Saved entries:
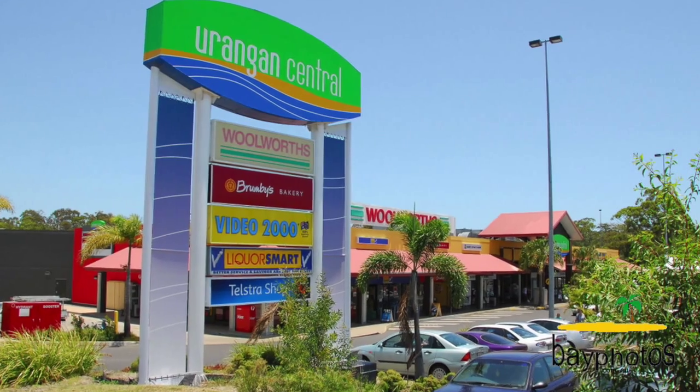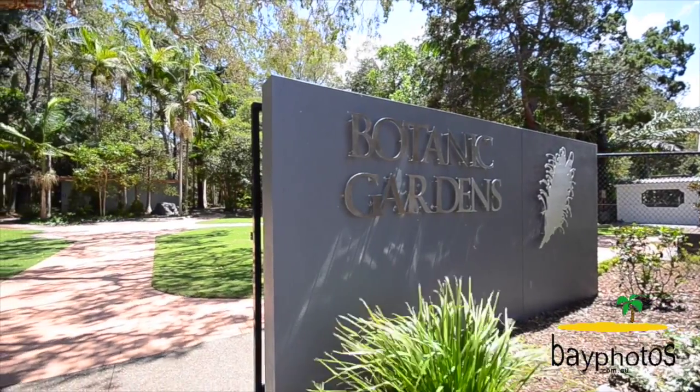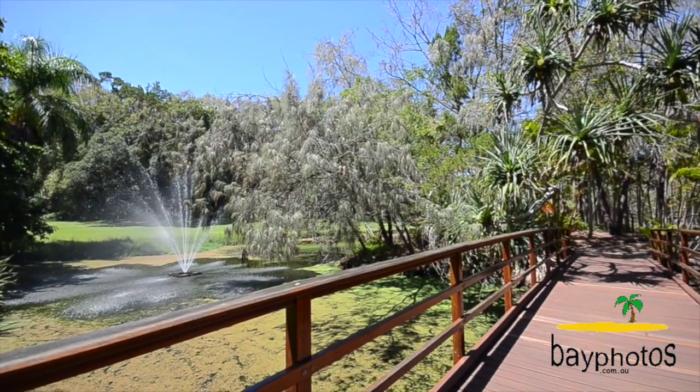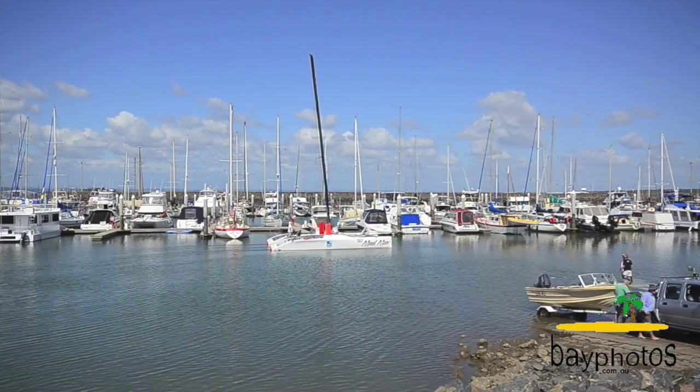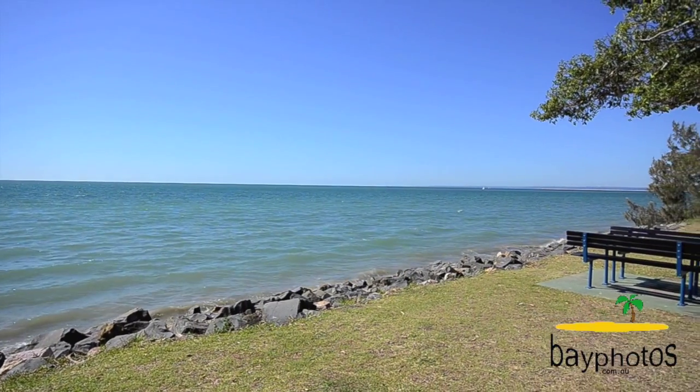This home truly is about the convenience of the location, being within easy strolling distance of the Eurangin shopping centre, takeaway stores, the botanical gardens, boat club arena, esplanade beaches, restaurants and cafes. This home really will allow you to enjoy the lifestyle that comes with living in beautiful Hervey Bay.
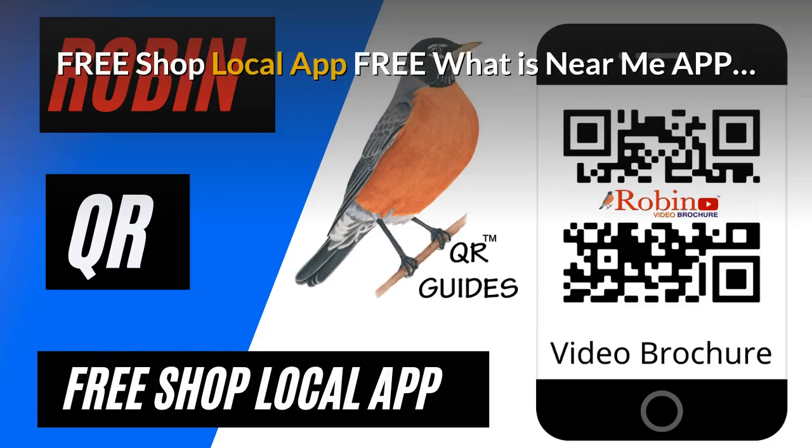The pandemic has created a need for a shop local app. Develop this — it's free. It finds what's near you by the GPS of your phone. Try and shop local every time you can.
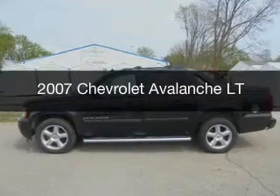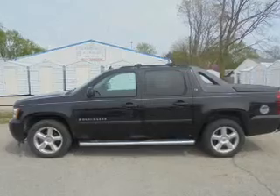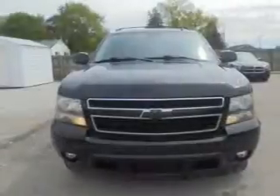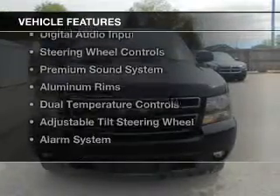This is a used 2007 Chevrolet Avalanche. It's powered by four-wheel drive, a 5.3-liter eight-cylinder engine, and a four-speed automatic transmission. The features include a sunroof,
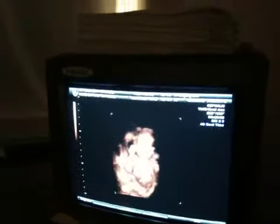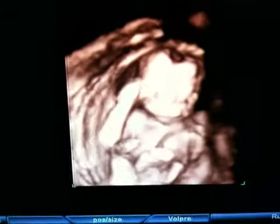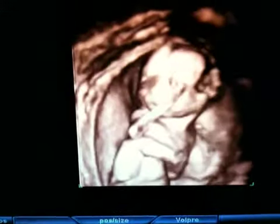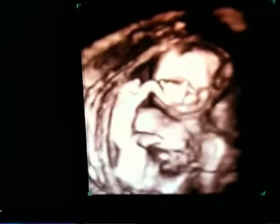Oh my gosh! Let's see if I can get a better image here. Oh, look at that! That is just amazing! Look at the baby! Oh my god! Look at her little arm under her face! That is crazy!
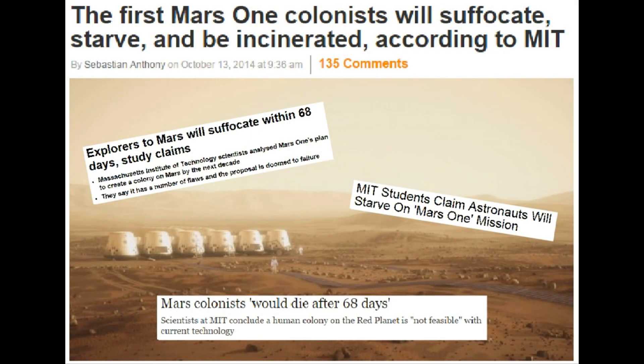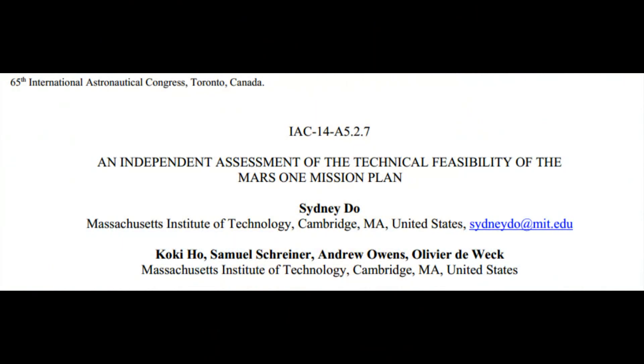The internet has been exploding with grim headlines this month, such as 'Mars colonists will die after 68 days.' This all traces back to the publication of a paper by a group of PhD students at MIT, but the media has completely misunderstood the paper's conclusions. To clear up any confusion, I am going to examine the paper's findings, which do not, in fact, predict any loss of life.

— EXERCISE REQUIREMENTS —
Copy exactly, and copy nothing else: the lines from the start of the data above through the line that holds "The pandemic has". The pictures stay out.

— RESULT OF THIS EXERCISE —
This home truly is about the convenience of the location, being within easy strolling distance of the Eurangin shopping centre, takeaway stores, the botanical gardens, boat club arena, esplanade beaches, restaurants and cafes. This home really will allow you to enjoy the lifestyle that comes with living in beautiful Hervey Bay.
The pandemic has created a need for a shop local app. Develop this — it's free. It finds what's near you by the GPS of your phone. Try and shop local every time you can.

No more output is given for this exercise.